Saturday, October 2, 2010

Irwin Edman; A Philosopher Listens to the Radio

Irwin Edman (1896-1954)was a music lover. He was also a philosopher who wrote more than 20 books and taught for many years at Columbia University.

"I grew up in the years 1900 to 1910 in simple Manhattan," wrote Edman, "through which one could cheerfully ride a bicycle from the farms in outlying Harlem to forty-second street and fifth avenue, and I saw it transformed into megalopian New York. There could really be some charming sketches of the open-air trolleys--of shouting 'Get a horse!' to goggled automobilists in rare and precarious automobiles."

In his book "Philosopher’s Holiday," written in 1938, he reflects on growing up in a generation when access to music changed regularly as technology made private listening possible, and as media made music available upon demand.

"It is a great boon, doubtless, to be able to hear the symphonies time and again," wrote Edman, "interrupted by the telephone, by visitors, by a sense that one doesn't have to listen at all, by the consciousness that this is not a major event."

"Music has ceased to be something sacramental and eventful," he writes with regret, "and has become the familiar staple, the carte du jour, of our lives. The young music-lover of today knows all the themes far better than his predecessor of twenty years ago. He hears Beethoven at four, at five, at midnight, on cigarette and bank programmes; he does not need the announcer to tell him it is a Bach concerto or a Schumann sonata. But he also does not have the sense of a high and signal occasion that music meant to us in the days before the phonograph and the radio put it as casually as a news bulletin in our homes."

Early in his essay called "For the Love of Music" from Philosopher's Holiday he relate and experience created from that relatively new technology called radio:

"It was midnight. I had been working all evening and found myself suddenly with that hunger for music which often at inconvenient hours assails the long-habituated lover of it. Heaven knows, one has enough music in New York. And now with that aristocrat among radio stations, WQXR, broadcasting the choicest records five hours a day, one need not even go to Carnegie or Town Hall.

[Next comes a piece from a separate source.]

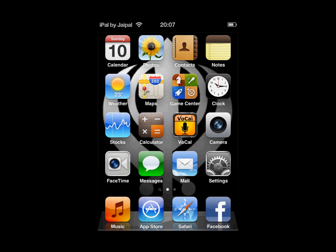Welcome to iHacks. Today I will be showing you how to get an Android lock screen for your iDevice. To do this, your iDevice will need to be jailbroken and have the Cydia App Store.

"I could have put on a record; but I was lazy and tuned in on the radio instead, hoping against hope that at this unlikely hour there would be something worth listening to. WQXR was silent; the major stations were sending various swing bands into the midnight air.

"Suddenly, I could scarcely believe my ears: there was the sound of a symphony orchestra:



"I hesitated to turn on the volume very loud; after all it was midnight and the neighbours had once, at an earlier hour, complained when I had played quite loud (in a desperate desire to get the last barbarous violence over the loudspeaker) Stravinsky's Sacre du Printemps.)

"I listened scrupulously. The low volume made careful listening necessary. The orchestral harmonies had a remote clarity, like music remembered in solitude or heard in a dream. But the dream was precise and steady now, and the details of orchestration clearer than I ever managed to hear them in memory, my musical recollection centering on themes that it is possible to hum or whistle. What could this be, Eighteenth century surely, Mozart or Haydn. One could not always be sure. There was one crude test. If it were Haydn one could be fairly certain at most given points what was going in essence to happen next. But that unexpected turn, that felicity, surprising but inevitable, like Aristotle's requisite for tragedy, that was Mozart, surely.

"But wait now. A long rising line [3:51], a deep musical exaltation, a sudden sharp descent [3:58], an inelegant, almost barbarous breadth and intensity [4:08]; a phrase here that neither Haydn nor Mozart would have thought of [4:14], a modulation [4:44] that suggested a range of consciousness and feeling in tone that could have been only one thing.

"'You have been listening,' said the announcer, 'to Beethoven's Second Symphony. It is part of a musical jamboree presented each night at this time by the Music Shop.' I went to bed not unpleased with myself for having identified a style, and not sufficiently displeased for having failed to remember a symphony had so long known."